What needs to be done:
Begin your copy at the line holding "thumbnail image 3" and end it at the last line of the listing. Keep every line exact and leave out the pictures.

Provided entries:
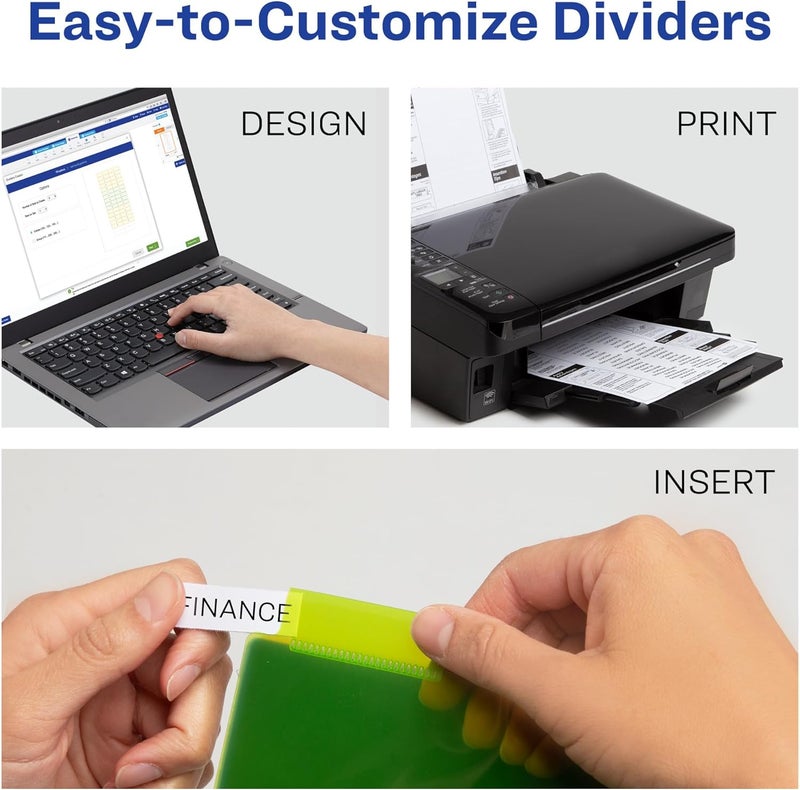 AVERY Dividers for 3 Ring Binders, 5-Tab Binder Dividers, Two-Pocket Plastic Binder Dividers, Insertable Big Tabs, Multicolor, Works with Sheet Protectors, 24 Sets (11906) - Image 4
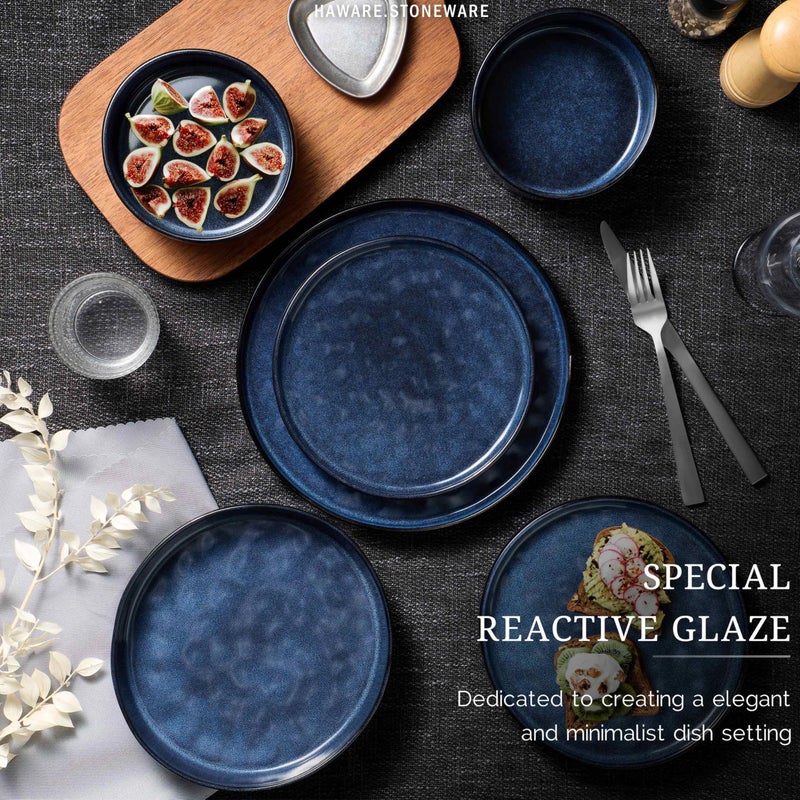 HaWare Dinnerware Sets, 12-Piece Plates and Bowls Set, Stoneware Dish Set for 4, Ceramic Dinnerware for Home Restaurant, Chip and Scratch Resistant, Microwave and Dishwasher Safe, Reactive Starry Blue - Image 4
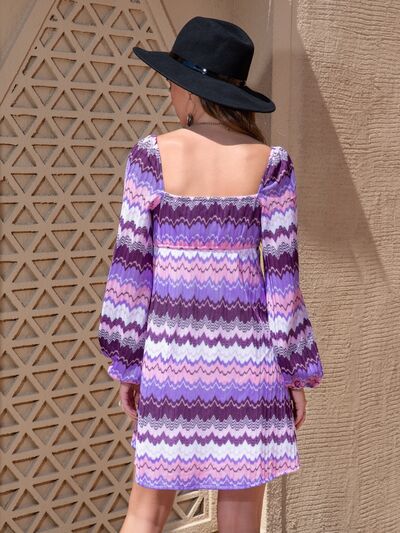 Printed Sweetheart Neck Balloon Sleeve Boho Chic Dress [Spirit and Rebel]   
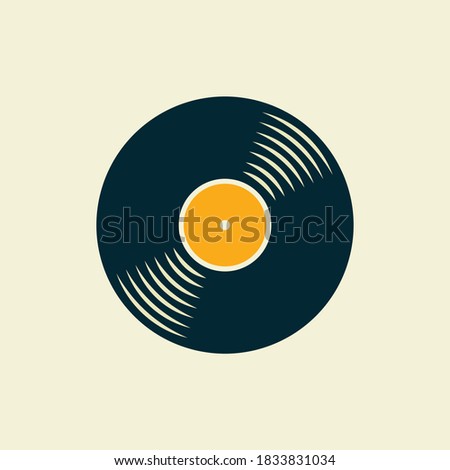 Vinyl LP record with yellow label. Gramophone vinyl symbol. Old music technology. Turntable disc album.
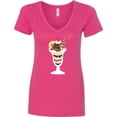 thumbnail image 3 of Inktastic Ice Cream Sundae Women's V-Neck T-Shirt, 3 of 5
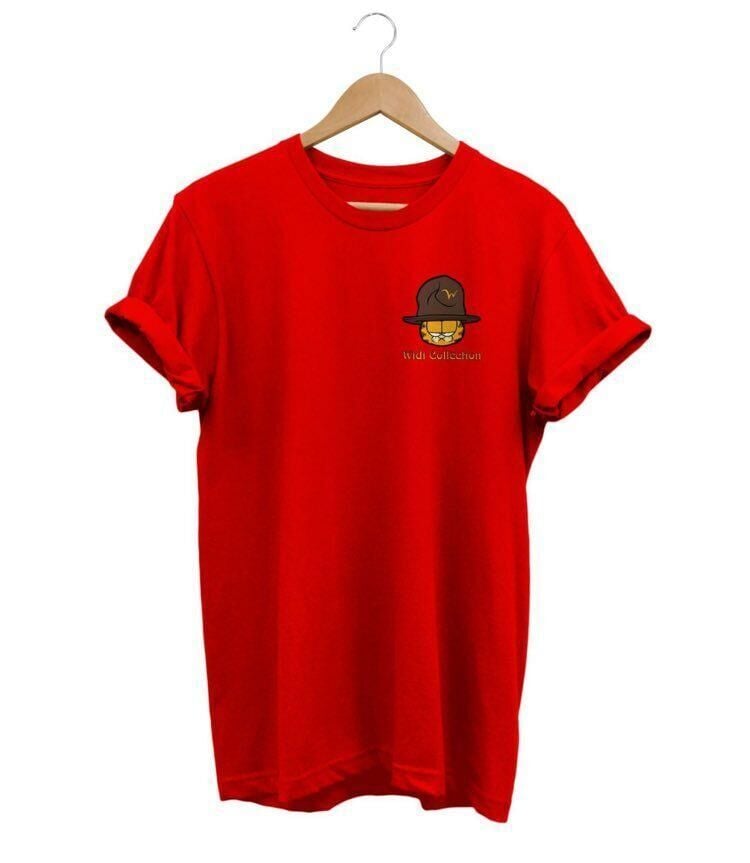 Widi Garfield Baskılı T-Shirt Kırmızı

Response area:
 thumbnail image 3 of Inktastic Ice Cream Sundae Women's V-Neck T-Shirt, 3 of 5
 Widi Garfield Baskılı T-Shirt Kırmızı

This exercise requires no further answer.